A Healthy Capitalist Economy Is Deflationary
Why do economists teach the opposite of the clear facts?
Heads up, everyone. This might just be the most controversial article I’ll ever write. All you have to do is mention the word “deflation” around most economists, and watch them start to hyperventilate. They’ll start freaking out, babbling about about the Great Depression, about market crashes and recessions and people hoarding money and the whole economy grinding to a halt.
This is largely nonsense, and in many ways is the precise opposite of the truth. In a capitalist free-market system, a healthy economy will always be deflationary.
Please note that I just said exactly what I just said, and did not say anything that I did not say. In particular, I did not claim that “deflation is always healthy for the economy,” or anything like that. But that’s the strawman argument that will get pulled out 9 times out of 10 in response to a claim like this.
We’ll come back to that. But let’s set it aside for the moment and talk about a normal, healthy capitalist economy.
What is capitalism?
The term “capitalism” has gotten a bit of a bad rap over the last few decades. On the Left, you have the Communists, who teach that capitalism is full of greed and oppression and needs to be destroyed, and on the Right, we have Libertarian infiltrators who have come up with an impostor system that’s legitimately full of greed and oppression and needs to be destroyed, validating the Left’s claims, and called that “capitalism” when it’s really nothing of the sort.
Just for simplicity’s sake, let’s call the Libertarian system “corporatism.” It’s based on the idea of extreme laissez-faire, that government intervention in markets is basically always both counterproductive and morally wrong, and that wealth gained through commerce is always fairly earned and deserved.
In other words, it’s the Law of the Jungle, just with the force of violence replaced by the force of contracts and economics — which are of course backed by law, and the State’s monopoly on violence, though Libertarians rarely mention that little detail.
Actual capitalism is similar enough for corporatism to pass as a decent counterfeit, but at the same time very different from it in many important ways. It was defined by Adam Smith in The Wealth of Nations, which was a follow-up to his earlier work, The Theory of Moral Sentiments, which as the name suggests concerned itself largely with a discussion of morality. And as such, The Wealth of Nations did not lay out a corporatist system of capitalism; quite the opposite in fact! It was primarily dedicated to an exploration of how a system of free-market trade and commerce could be made to work in a moral fashion, without running into all of the exploitative problems that give today’s “capitalism” such a bad name.

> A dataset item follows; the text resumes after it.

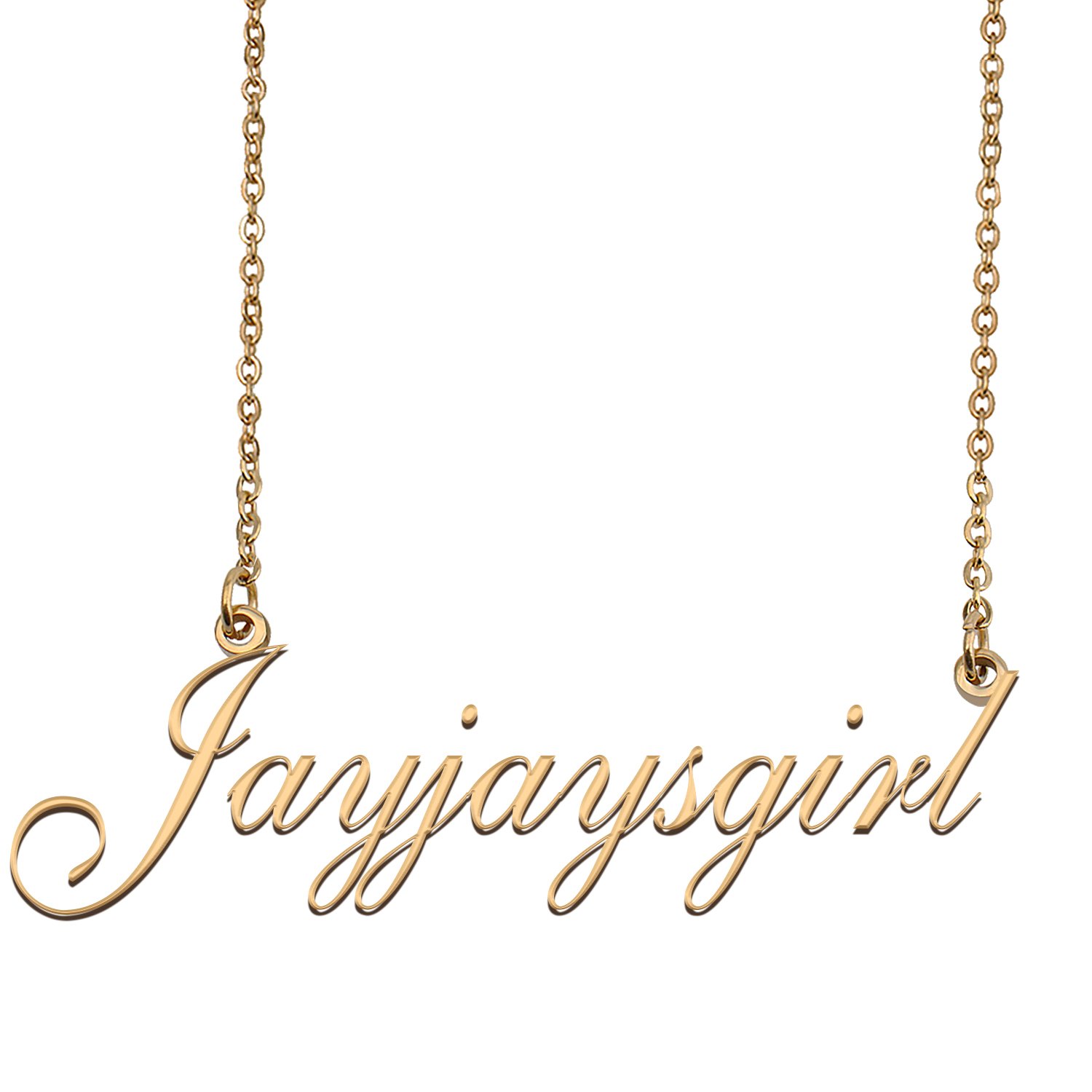 Customized Custom Script Name Necklace for Women Jayjaysgirl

Smith was, in fact, deeply suspicious of the motives of powerful businessmen, and recommended multiple ways that their power be limited. He spoke against monopolies, in favor of taxing the rich more heavily than the poor (with the justification that they benefit disproportionately from the amenities of civilized society, and therefore ought to pay the lion’s share of the costs of providing such amenities,) and in favor of keeping the economy as local as possible rather than internationalizing at every opportunity. In fact his famous “invisible hand,” that Libertarians take every opportunity to claim will bring prosperity if giant corporations are left free to do whatever they want and send all of our jobs overseas, comes from a passage specifically describing how prosperity comes from “preferring the support of domestic to that of foreign industry.” Smith was largely against the notion of corporations in the first place, as they have a tendency to concentrate too much power in too few hands, and stated that “An incorporation … makes the act of the majority binding upon the whole. … The pretence that corporations are necessary for the better government of the trade, is without any foundation.”

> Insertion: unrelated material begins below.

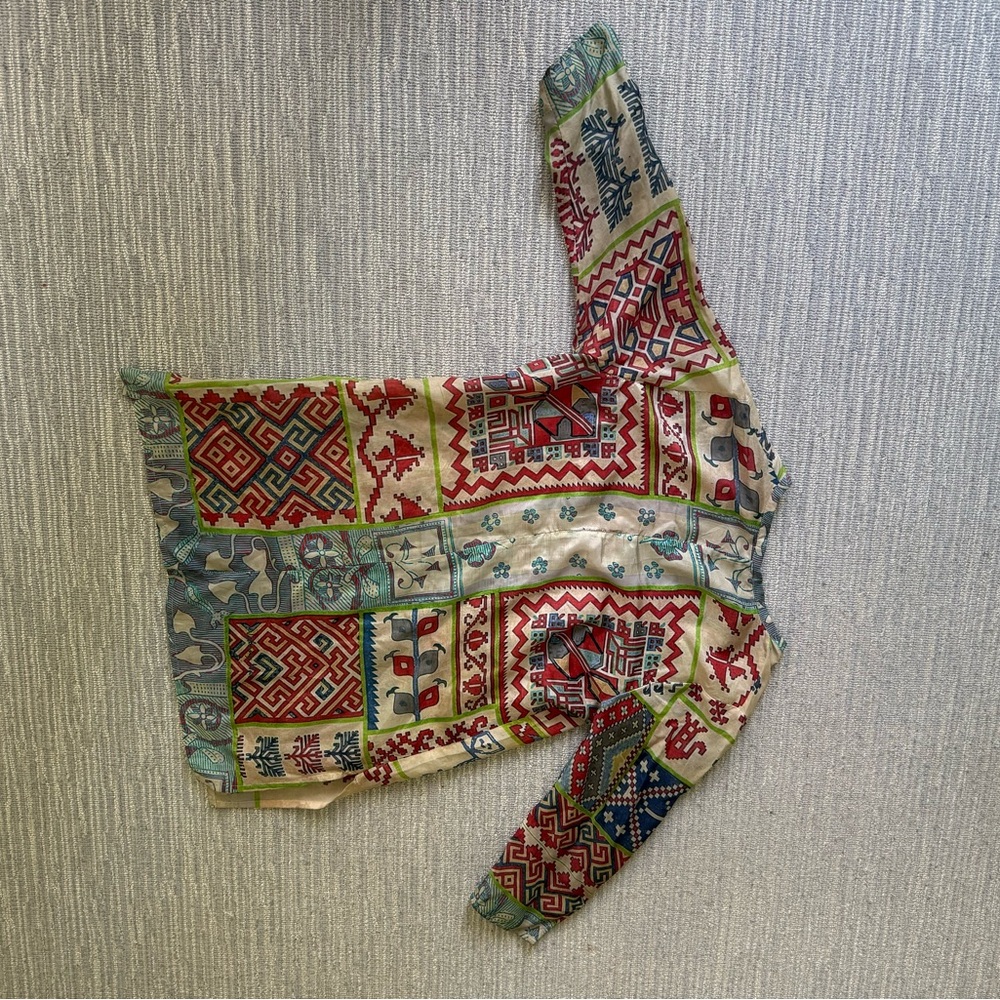Johnny Was Silk Tunic Size Small - Picture 4 of 4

In the last few years, we’ve received a pretty stark wakeup call over our departure from these principles. As giant, powerful companies, often monopolies or near-monopolies in their own sectors, have gone woke, they’ve used their power to suppress the ability of conservatives to communicate, to engage in trade, and often even to find employment. Internationalization bit us in the butt pretty hard when Covid lockdowns disrupted international shipping seven ways from Sunday. And the classic libertarian “solution” that if you don’t like what hostile businesses are doing, “just build your own,” was starkly revealed in 2020-2021 for the bad joke it’s always been, when various conservative businesses did exactly that and then got their operations pulled out from under them by powerful monopolists at all levels of internet infrastructure. (Are we expected to build our own internet next?!?)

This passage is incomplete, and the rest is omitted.